■ WHAT YOU ARE ASKED TO DO: Before copying the entries, remove the pictures; everything else stays exactly as it is.

■ PROVIDED RECORDS:
**********

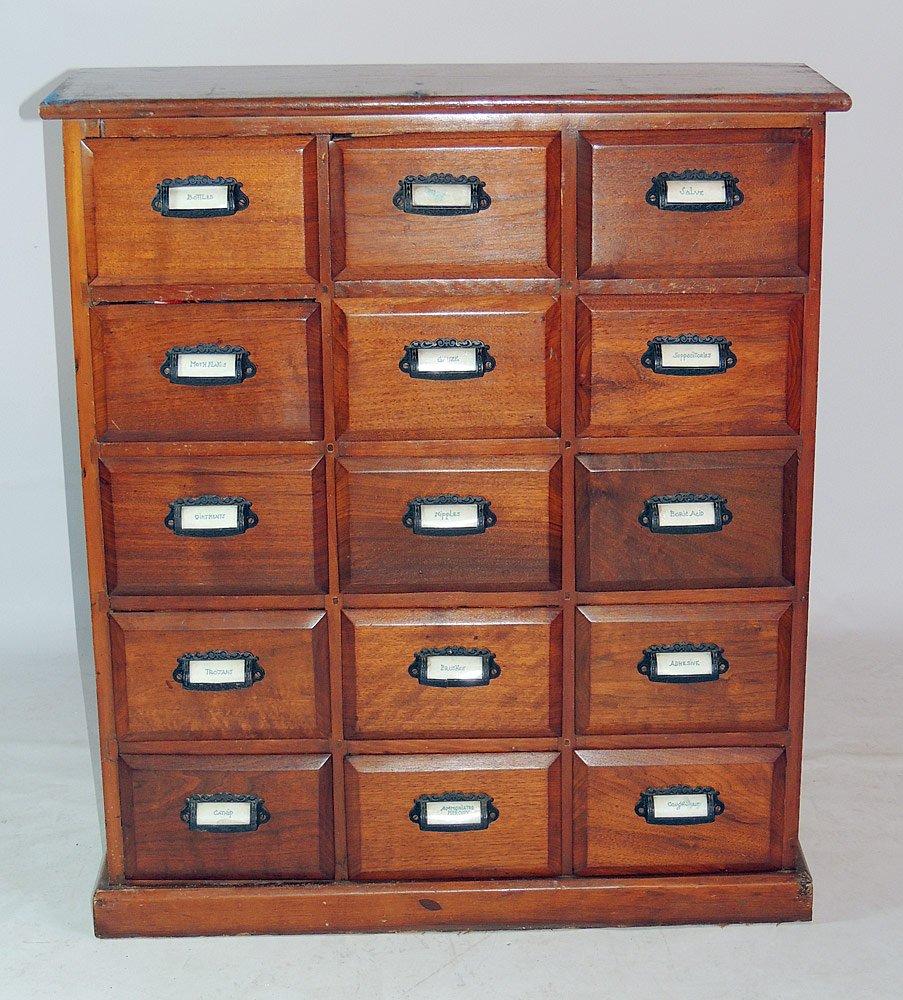Victorian Pine Apothecary Cabinet: 15 drawers with period cup pulls. 41" tall x 36" wide x 12-1/2" deep.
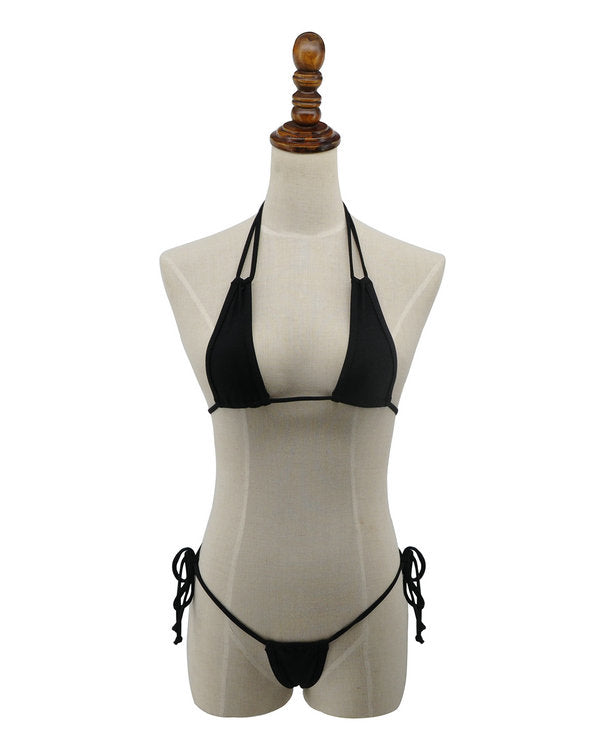 Black Very Sexy Micro Bikini Side Tied G String Thong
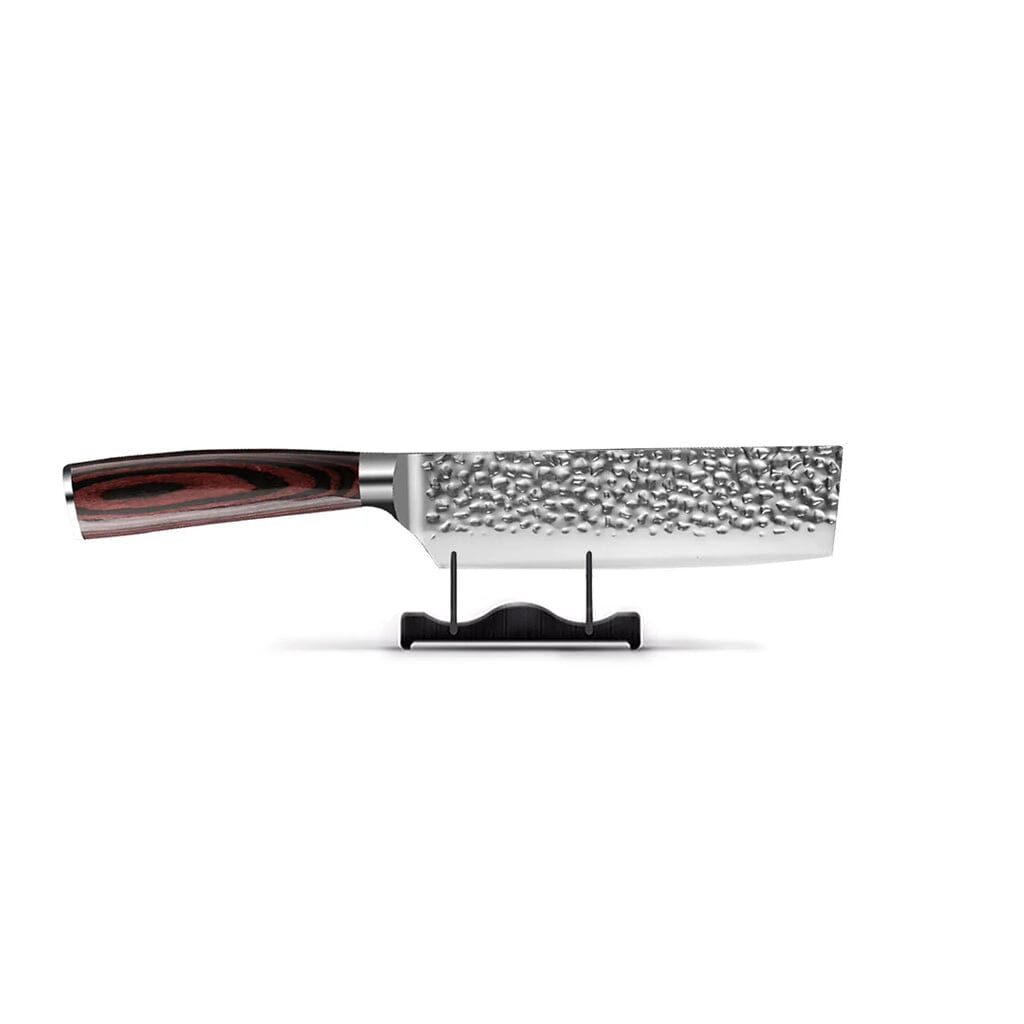 Shinrai Knives - Hammered RVS 5-delige Messenset - Koksmes + Broodmes + Nakiri + Kleine Santoku + Schilmes Messenset Shinrai Knives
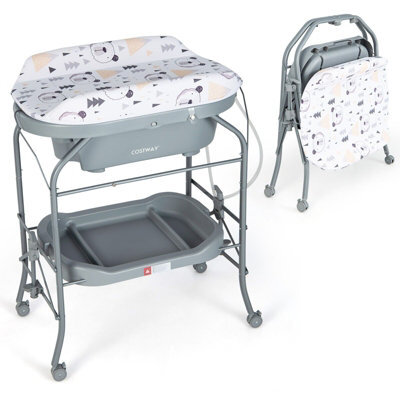 Costway 4 In 1 Baby Changing Table Folding Infant Nursery Station With Bath Tub-Gray - image 1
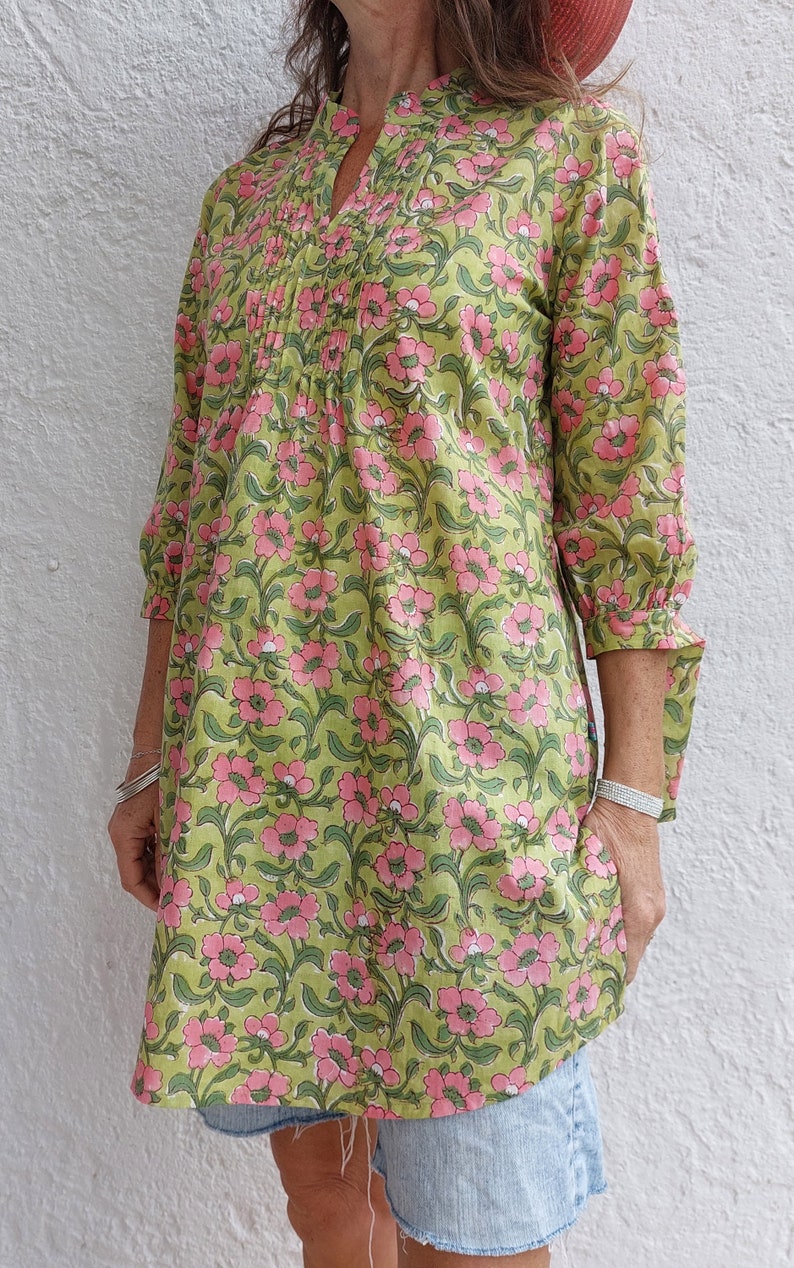 Hand Block Printed Cotton Popover Shirt – Green & Pink Floral Blouse, Front Pleated Boho Shirt, Hippie Chic Cotton Top, Limited Series image 5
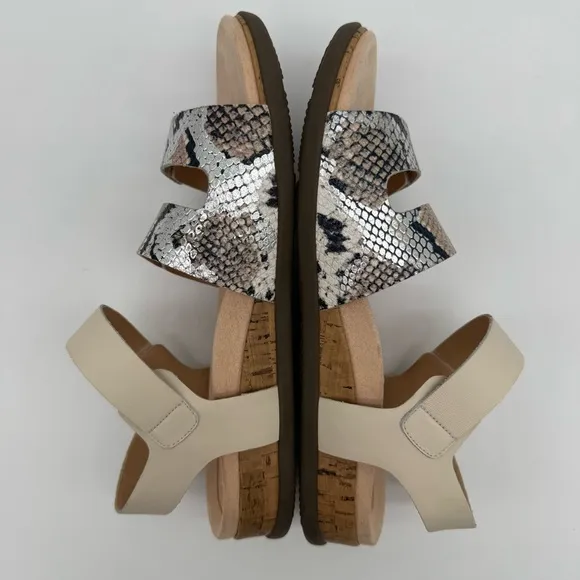 New Vionic Colleen Cream Boa Metallic Leather Sandals Size 10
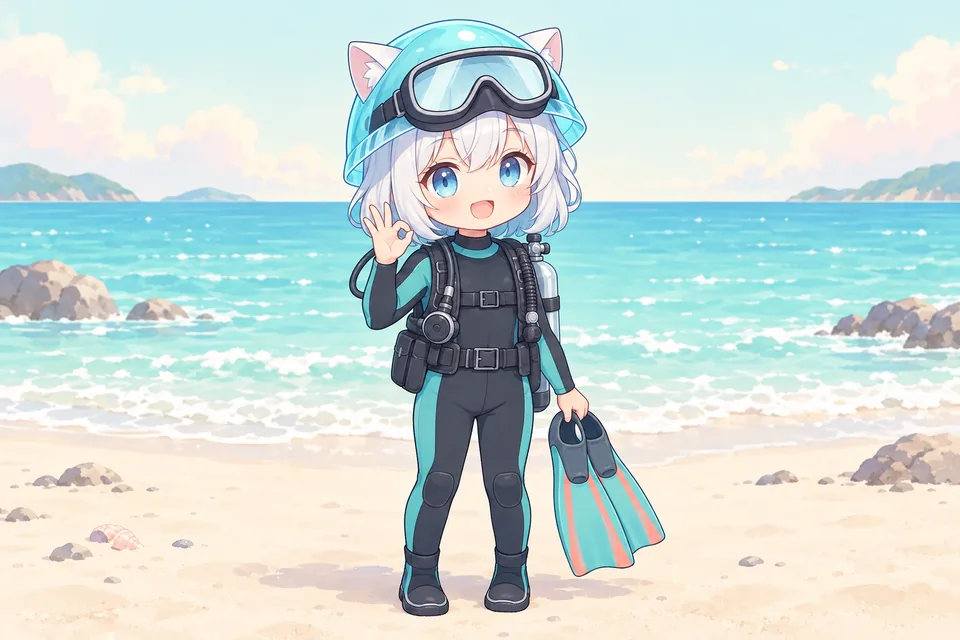 レンタルの器材を身につけて、海辺でOKサインをする、クラゲ帽子の女の子のイラスト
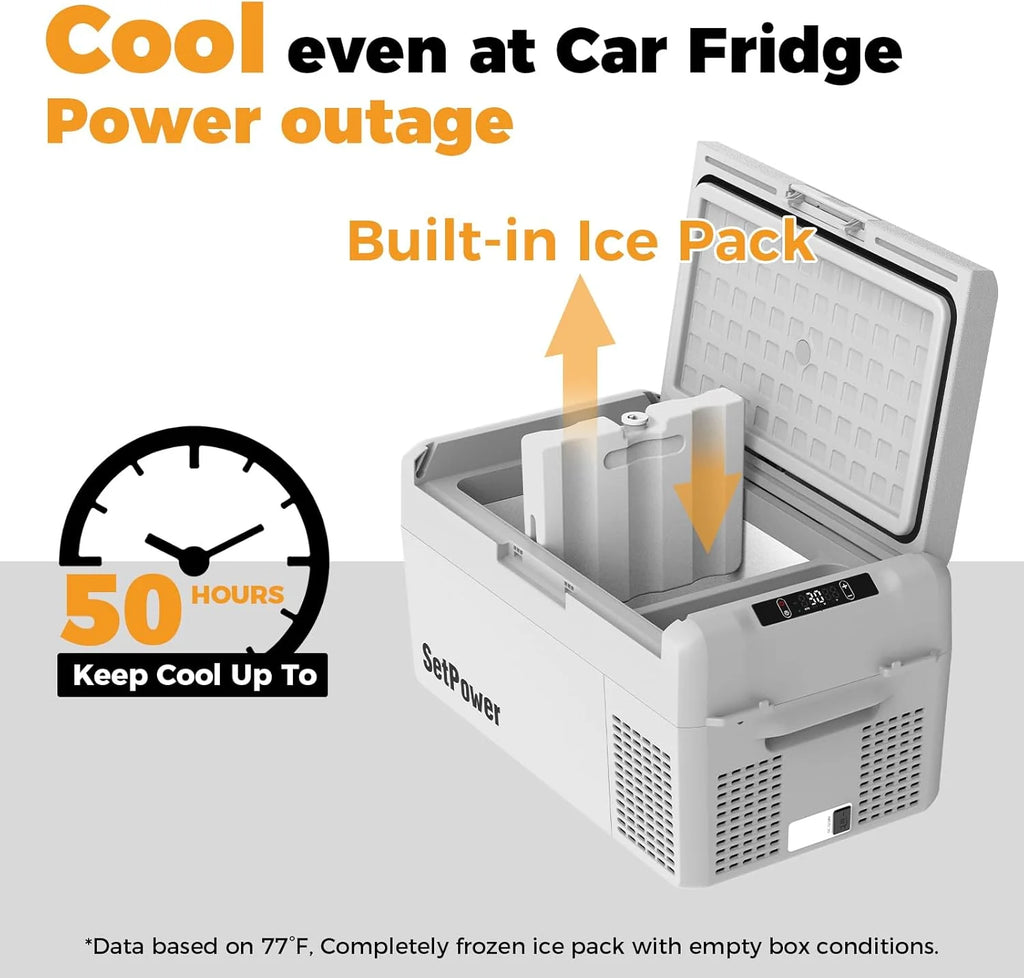 12V Refrigerator 21 Quart Portable Freezer 50 Hours Keep Cool,Electric Cooler for Vehicles Car Refrigerator 12V Portable Fridge for Car Camping Truck Van RV SUV Road Trip Travel RF20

**********

■ REPLY TO THE TASK:
Victorian Pine Apothecary Cabinet: 15 drawers with period cup pulls. 41" tall x 36" wide x 12-1/2" deep.
 Black Very Sexy Micro Bikini Side Tied G String Thong
 Shinrai Knives - Hammered RVS 5-delige Messenset - Koksmes + Broodmes + Nakiri + Kleine Santoku + Schilmes Messenset Shinrai Knives
 Costway 4 In 1 Baby Changing Table Folding Infant Nursery Station With Bath Tub-Gray - image 1
 Hand Block Printed Cotton Popover Shirt – Green & Pink Floral Blouse, Front Pleated Boho Shirt, Hippie Chic Cotton Top, Limited Series image 5
 New Vionic Colleen Cream Boa Metallic Leather Sandals Size 10
 レンタルの器材を身につけて、海辺でOKサインをする、クラゲ帽子の女の子のイラスト
 12V Refrigerator 21 Quart Portable Freezer 50 Hours Keep Cool,Electric Cooler for Vehicles Car Refrigerator 12V Portable Fridge for Car Camping Truck Van RV SUV Road Trip Travel RF20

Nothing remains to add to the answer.